Transcribe the entries exactly. Omit the pictures.

(MATERIAL FOR THE TASK begins)

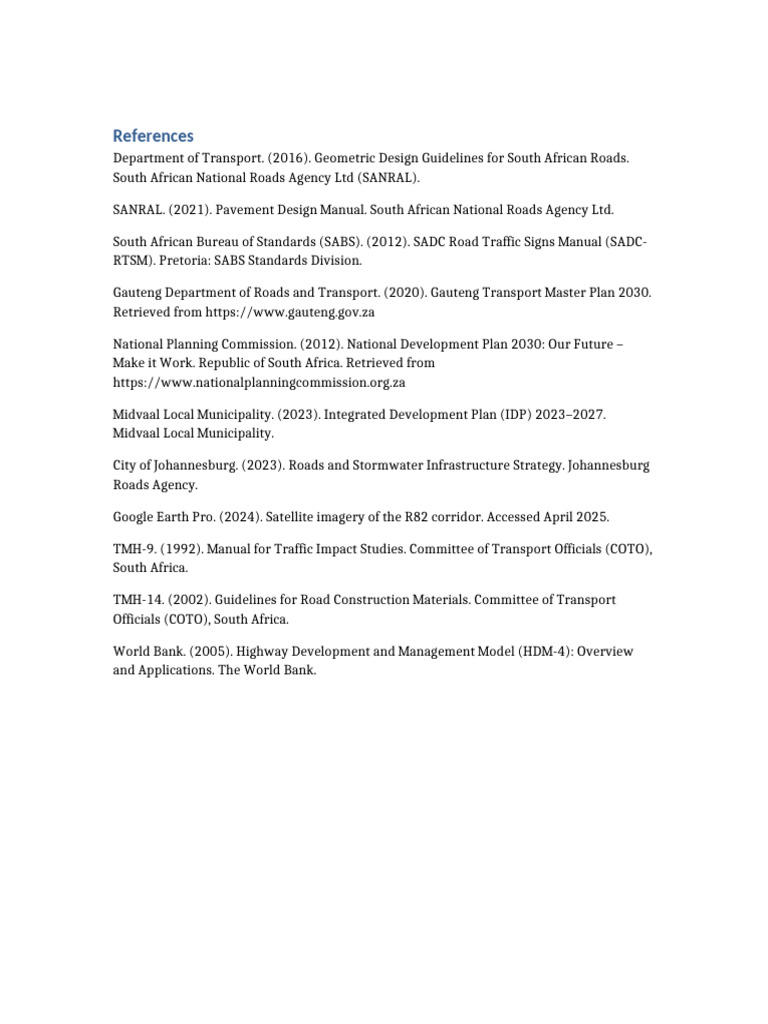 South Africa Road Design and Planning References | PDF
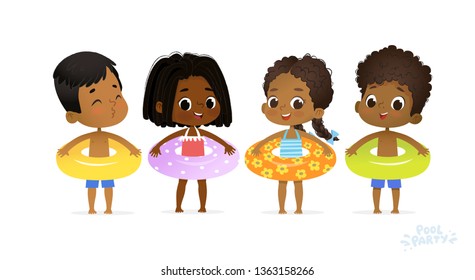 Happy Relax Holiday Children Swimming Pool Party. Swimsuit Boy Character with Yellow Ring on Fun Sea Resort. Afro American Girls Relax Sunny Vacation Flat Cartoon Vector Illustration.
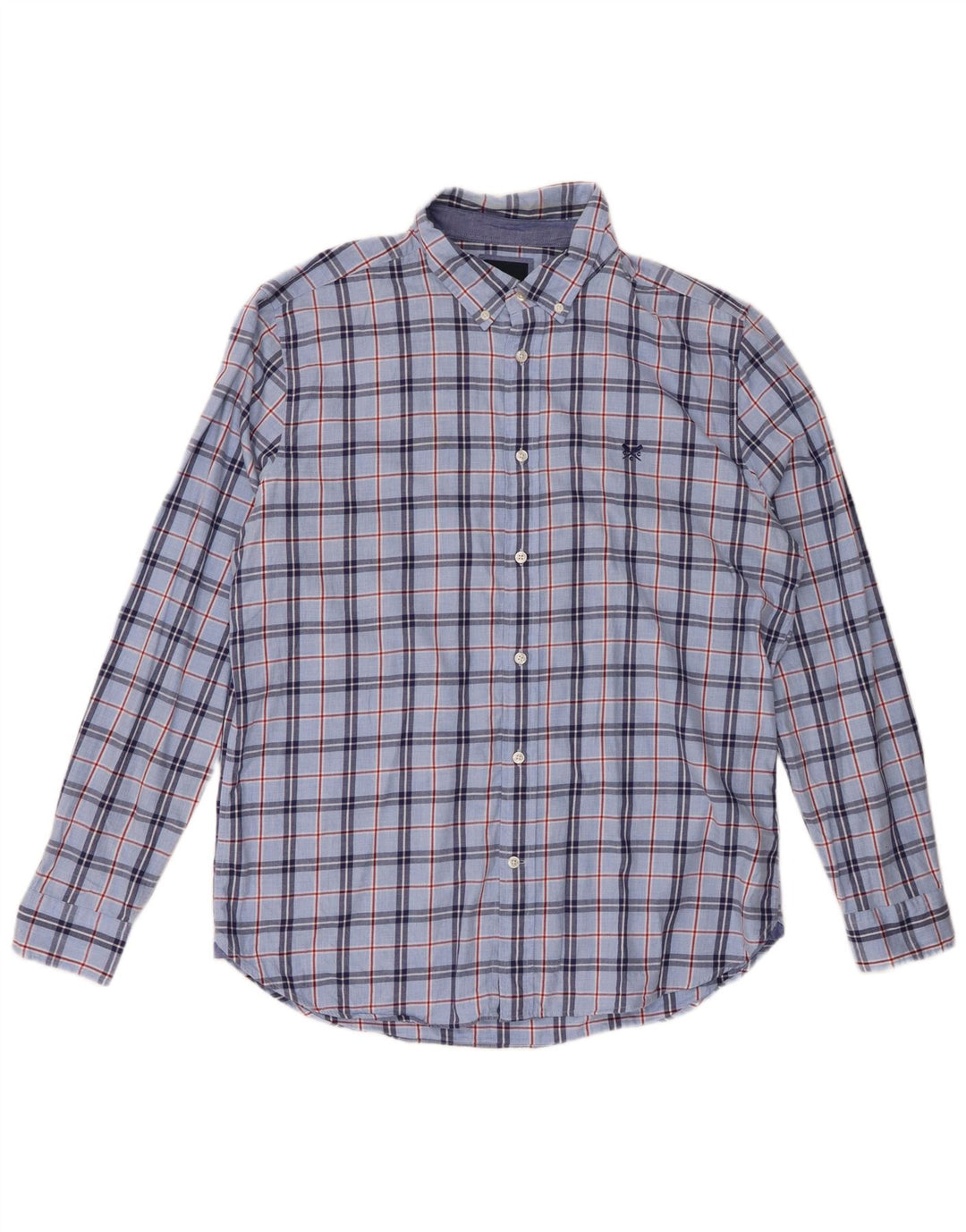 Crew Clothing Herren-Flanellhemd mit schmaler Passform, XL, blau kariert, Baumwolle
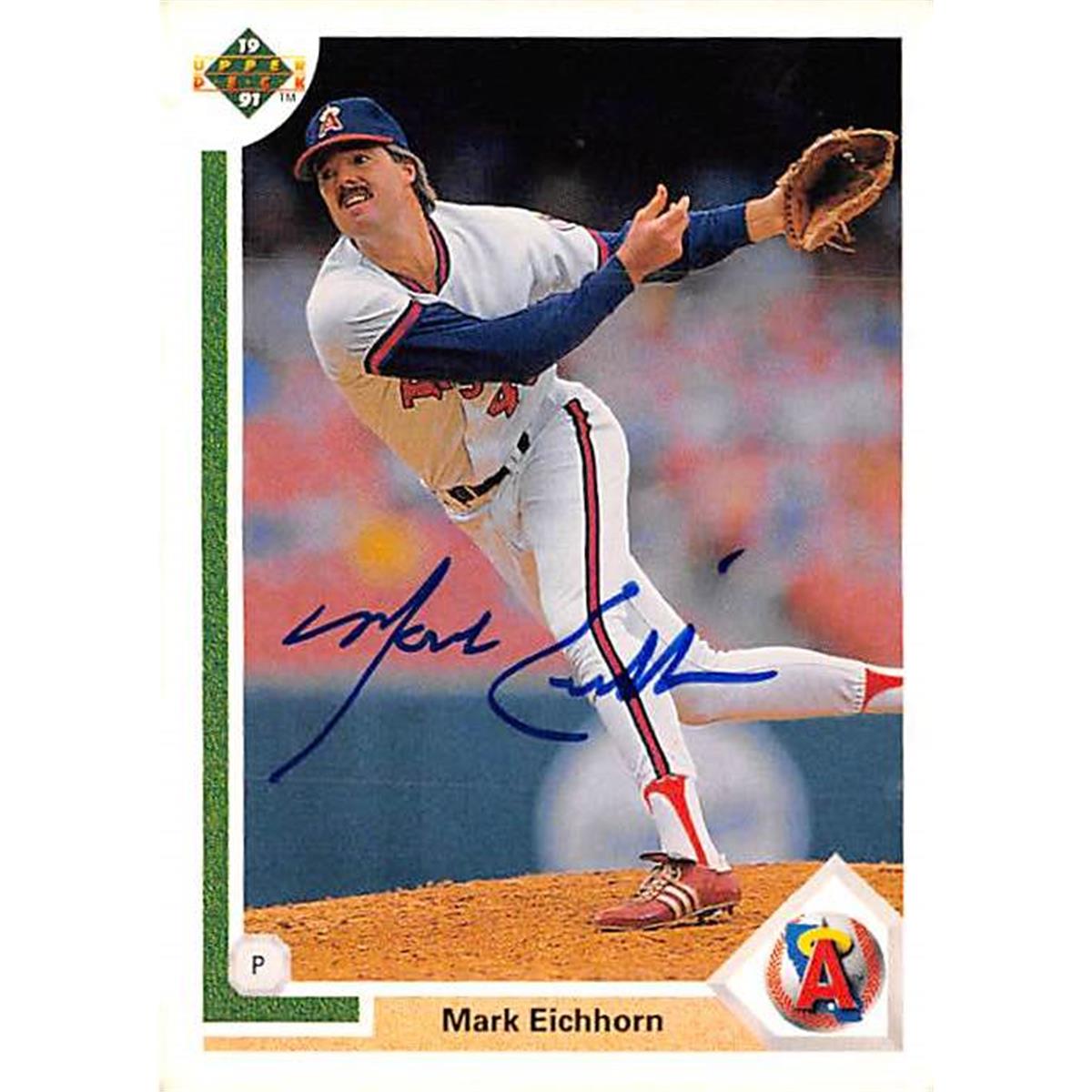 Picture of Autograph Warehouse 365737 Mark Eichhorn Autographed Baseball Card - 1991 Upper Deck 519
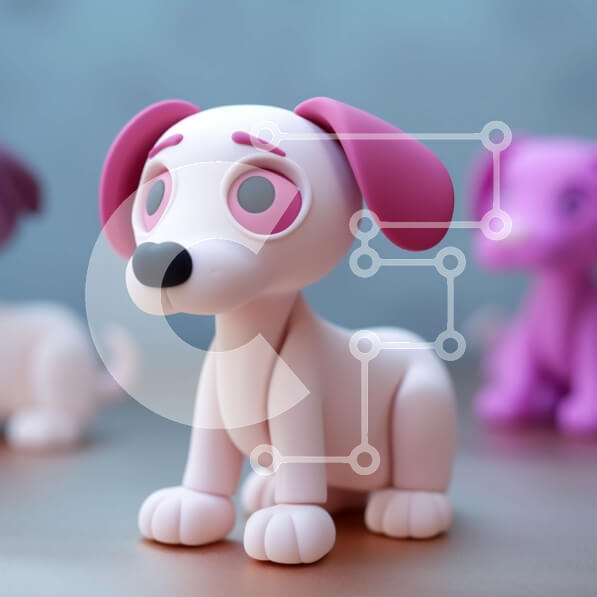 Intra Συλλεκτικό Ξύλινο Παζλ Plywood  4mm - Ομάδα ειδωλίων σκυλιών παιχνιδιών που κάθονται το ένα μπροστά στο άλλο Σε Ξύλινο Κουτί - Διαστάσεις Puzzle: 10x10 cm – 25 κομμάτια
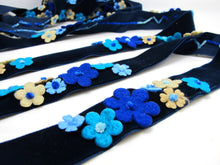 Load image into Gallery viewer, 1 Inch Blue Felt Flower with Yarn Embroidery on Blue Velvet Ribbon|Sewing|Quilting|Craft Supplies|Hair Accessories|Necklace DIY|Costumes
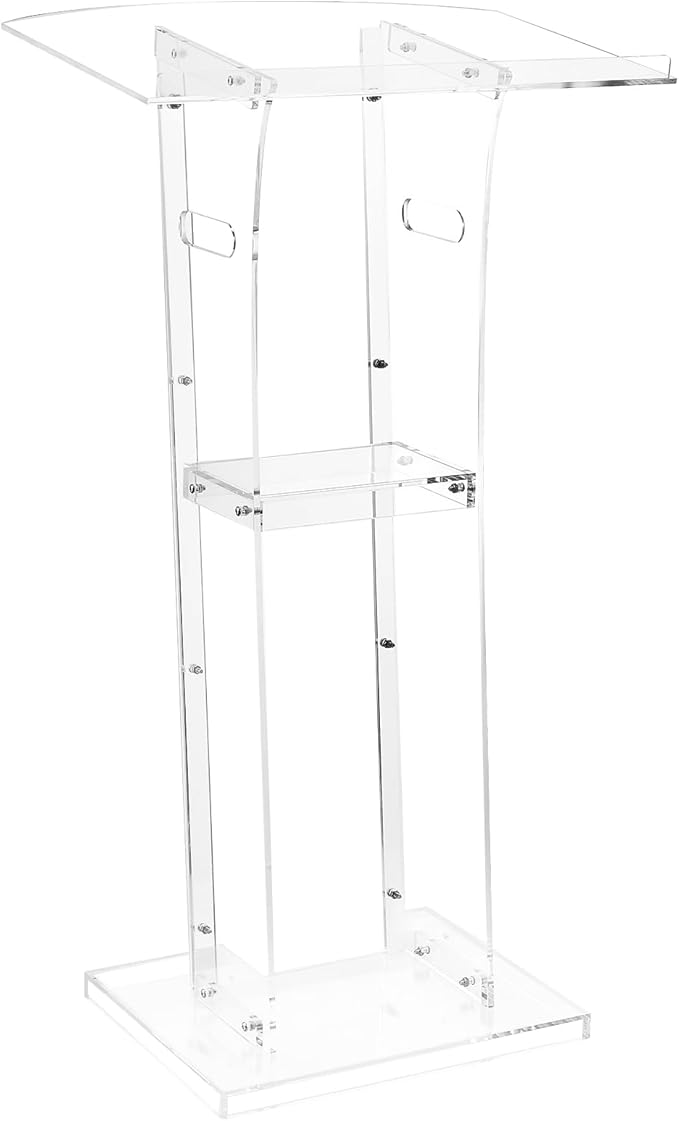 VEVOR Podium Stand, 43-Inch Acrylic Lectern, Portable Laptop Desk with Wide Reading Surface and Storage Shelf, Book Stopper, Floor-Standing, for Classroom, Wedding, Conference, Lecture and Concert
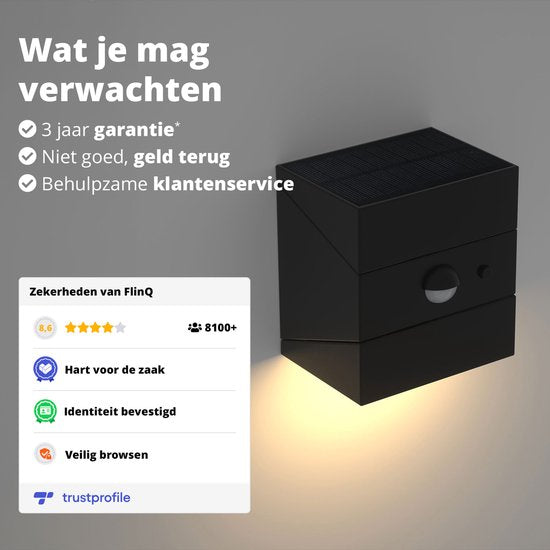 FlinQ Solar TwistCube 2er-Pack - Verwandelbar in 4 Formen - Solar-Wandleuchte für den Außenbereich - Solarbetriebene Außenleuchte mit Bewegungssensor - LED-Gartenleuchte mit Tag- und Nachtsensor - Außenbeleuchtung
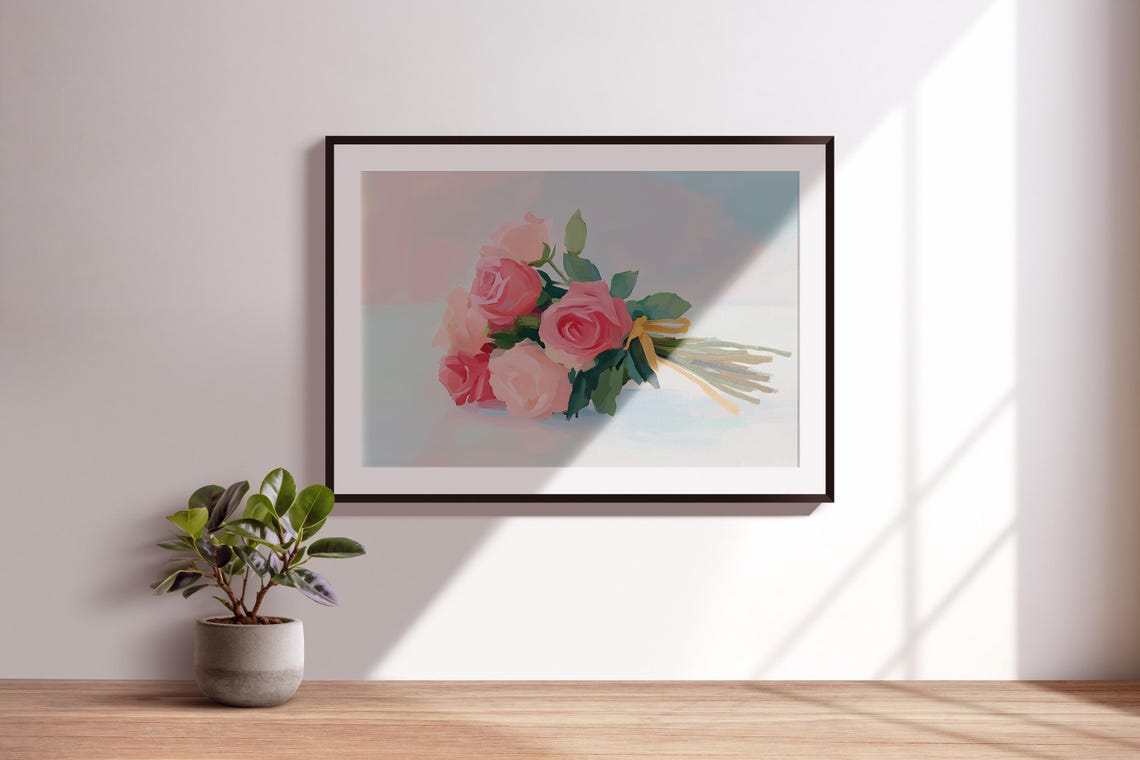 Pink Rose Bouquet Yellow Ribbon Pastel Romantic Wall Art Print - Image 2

(MATERIAL FOR THE TASK ends)

### RESPONSE AREA
 South Africa Road Design and Planning References | PDF
 Happy Relax Holiday Children Swimming Pool Party. Swimsuit Boy Character with Yellow Ring on Fun Sea Resort. Afro American Girls Relax Sunny Vacation Flat Cartoon Vector Illustration.
 Crew Clothing Herren-Flanellhemd mit schmaler Passform, XL, blau kariert, Baumwolle
 Picture of Autograph Warehouse 365737 Mark Eichhorn Autographed Baseball Card - 1991 Upper Deck 519
 Intra Συλλεκτικό Ξύλινο Παζλ Plywood  4mm - Ομάδα ειδωλίων σκυλιών παιχνιδιών που κάθονται το ένα μπροστά στο άλλο Σε Ξύλινο Κουτί - Διαστάσεις Puzzle: 10x10 cm – 25 κομμάτια
 Load image into Gallery viewer, 1 Inch Blue Felt Flower with Yarn Embroidery on Blue Velvet Ribbon|Sewing|Quilting|Craft Supplies|Hair Accessories|Necklace DIY|Costumes
 VEVOR Podium Stand, 43-Inch Acrylic Lectern, Portable Laptop Desk with Wide Reading Surface and Storage Shelf, Book Stopper, Floor-Standing, for Classroom, Wedding, Conference, Lecture and Concert
 FlinQ Solar TwistCube 2er-Pack - Verwandelbar in 4 Formen - Solar-Wandleuchte für den Außenbereich - Solarbetriebene Außenleuchte mit Bewegungssensor - LED-Gartenleuchte mit Tag- und Nachtsensor - Außenbeleuchtung
 Pink Rose Bouquet Yellow Ribbon Pastel Romantic Wall Art Print - Image 2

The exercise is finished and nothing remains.